Tal como señalaba la economista Alice Amsden, el desafío de los países periféricos es pasar de una estrategia «compradora» de tecnología, como en el caso de las maquiladoras, a una sustentada en la «producción» de tecnología. Para eso es indispensable que el Estado asuma un rol de ser «conducto y conductor» de ese desarrollo, pues otros actores económicos difícilmente romperán con la comodidad de un rentismo poco inclinado a la inversión estratégica y acostumbrada a amplios márgenes de ganancia, basados en la renta de la tierra y en la superexplotación del trabajo —precario— latinoamericano. Al mismo tiempo, ese desarrollo debe considerar los límites plantarios y la necesidad de un nuevo pacto socioecológico que contribuya a revertir la crítica situación climática y ambiental que han hecho más patente la advertencia de Jameson de que «es más fácil pensar el fin del mundo que el fin del capitalismo».

Construir futuro

La izquierda latinoamericana difícilmente será alternativa de futuro si no es capaz de responder tanto a la emergencia climática como a la necesidad de estructurar un proyecto de desarrollo que permita distribuir riqueza e integrar a los ciudadanos excluidos de la región al consumo y a estándares materialmente más elevados de vida. ¿Pero, es posible? ¿Acaso la superación de la pobreza y el aumento de la capacidad de consumo no van de la mano con un incremento de los factores que empeoran la crisis climática? 
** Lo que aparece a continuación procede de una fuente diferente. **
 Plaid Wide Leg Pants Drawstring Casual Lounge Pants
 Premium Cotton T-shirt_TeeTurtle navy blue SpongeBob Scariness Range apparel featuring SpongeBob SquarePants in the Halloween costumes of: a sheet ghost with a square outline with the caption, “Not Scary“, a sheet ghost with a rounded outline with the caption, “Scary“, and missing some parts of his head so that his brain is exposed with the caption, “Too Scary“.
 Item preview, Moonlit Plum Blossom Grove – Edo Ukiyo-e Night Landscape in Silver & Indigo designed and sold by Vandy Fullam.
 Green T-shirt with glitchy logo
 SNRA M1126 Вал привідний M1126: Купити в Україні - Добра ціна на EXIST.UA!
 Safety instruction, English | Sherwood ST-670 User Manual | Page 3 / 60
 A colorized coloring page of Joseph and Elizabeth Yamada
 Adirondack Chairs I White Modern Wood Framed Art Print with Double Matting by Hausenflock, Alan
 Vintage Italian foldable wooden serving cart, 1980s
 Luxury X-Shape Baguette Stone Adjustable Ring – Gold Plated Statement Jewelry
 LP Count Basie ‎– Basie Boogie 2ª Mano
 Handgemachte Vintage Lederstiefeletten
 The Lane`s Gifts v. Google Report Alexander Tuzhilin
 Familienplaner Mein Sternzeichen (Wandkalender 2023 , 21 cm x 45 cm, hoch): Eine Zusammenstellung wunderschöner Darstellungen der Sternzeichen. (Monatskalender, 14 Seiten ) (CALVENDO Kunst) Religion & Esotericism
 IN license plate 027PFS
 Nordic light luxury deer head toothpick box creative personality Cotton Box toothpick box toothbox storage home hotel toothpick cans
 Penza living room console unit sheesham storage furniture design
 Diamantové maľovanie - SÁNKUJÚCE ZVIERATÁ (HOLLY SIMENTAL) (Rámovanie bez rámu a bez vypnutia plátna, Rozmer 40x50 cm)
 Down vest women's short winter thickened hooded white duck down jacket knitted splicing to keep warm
La respuesta no es fácil. Pero el actual estado de cosas nos obliga a pensar ordenamientos económicos más racionales para aminorar nuestro impacto en el medioambiente y para reducir la desigualdad económica que campea en la región. El capitalismo neoliberal se caracteriza por destruir las principales fuentes de producción de la riqueza: la naturaleza y el trabajo. La izquierda latinoamericana tiene la misión de superar su actual contradicción y contribuir a hacer más fácil pensar el fin de ese capitalismo que nos tiene al borde del fin del mundo. 

 


[*] El autor agradece al Proyecto FONDECYT 1200841, marco en el cual se ha desarrollado esta reflexión.